Set down each line of the data exactly, but not the pictures.

◆ Data:
━━━━━━━━━━━━━━━━━━━━━━━━━━━━━━

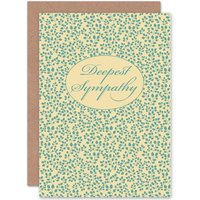 Artery8 Bereavement Sympathy Deepest Blue Leaf Greetings Card in Yellow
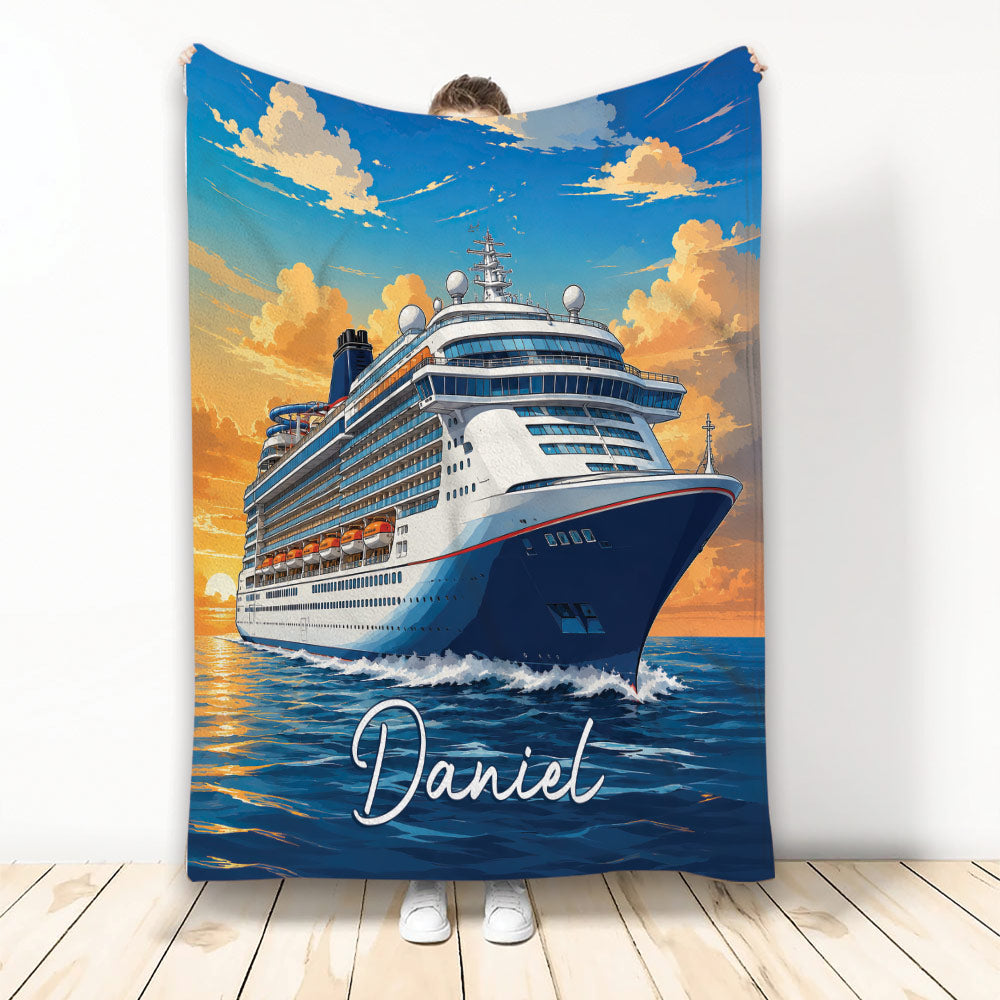 Cruise ship throw blanket with ocean voyage artwork, blue water, golden sky, and detailed ship illustration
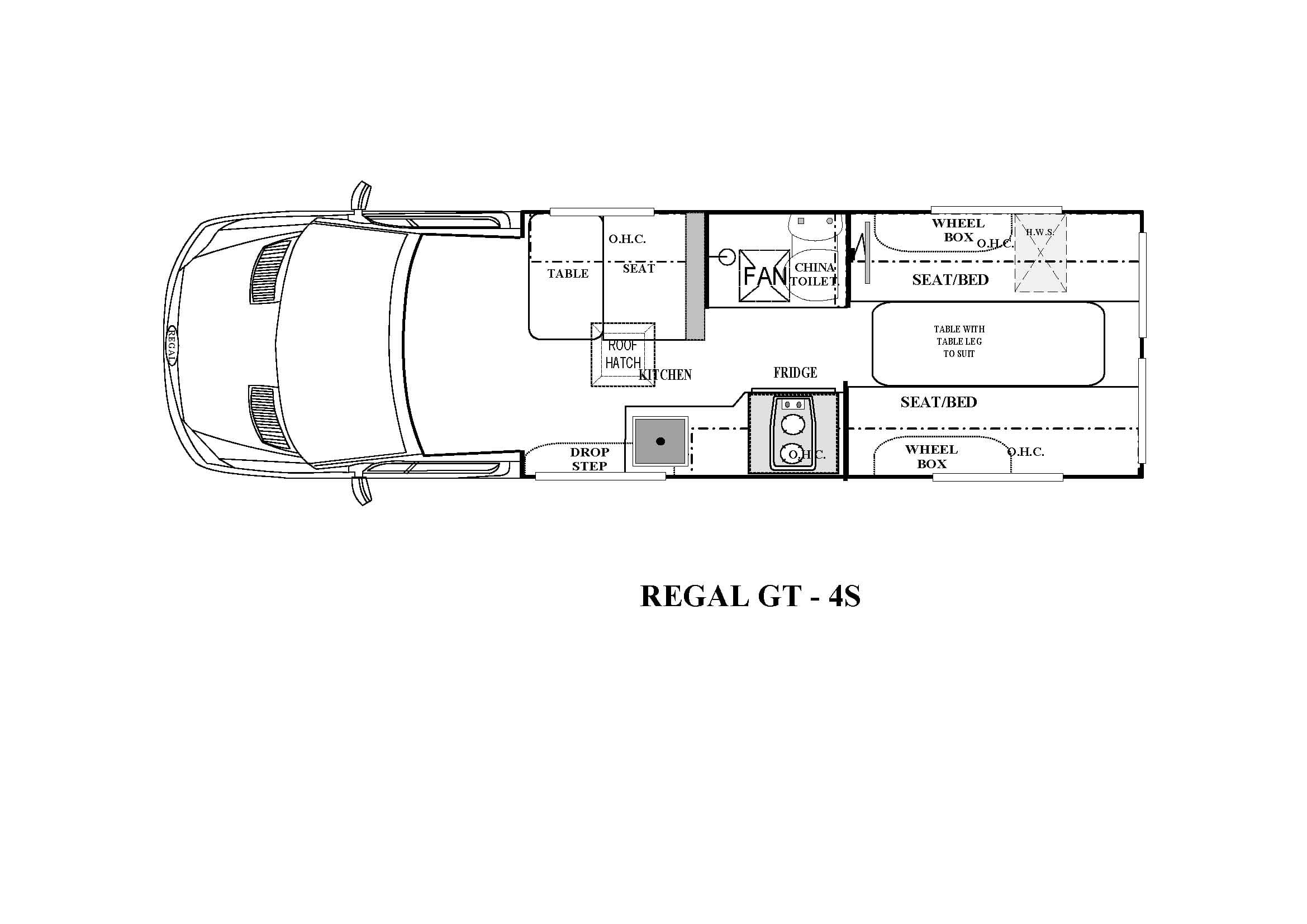 Floorplan of RV Sales Australia Mercedes-Benz Regal GT 4-seater showing cab, entry with drop step, mid kitchen with roof hatch and fridge, opposite dinette, rear toilet, and opposing seat/bed areas with table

━━━━━━━━━━━━━━━━━━━━━━━━━━━━━━

◆ Response area:
 Artery8 Bereavement Sympathy Deepest Blue Leaf Greetings Card in Yellow
 Cruise ship throw blanket with ocean voyage artwork, blue water, golden sky, and detailed ship illustration
 Floorplan of RV Sales Australia Mercedes-Benz Regal GT 4-seater showing cab, entry with drop step, mid kitchen with roof hatch and fridge, opposite dinette, rear toilet, and opposing seat/bed areas with table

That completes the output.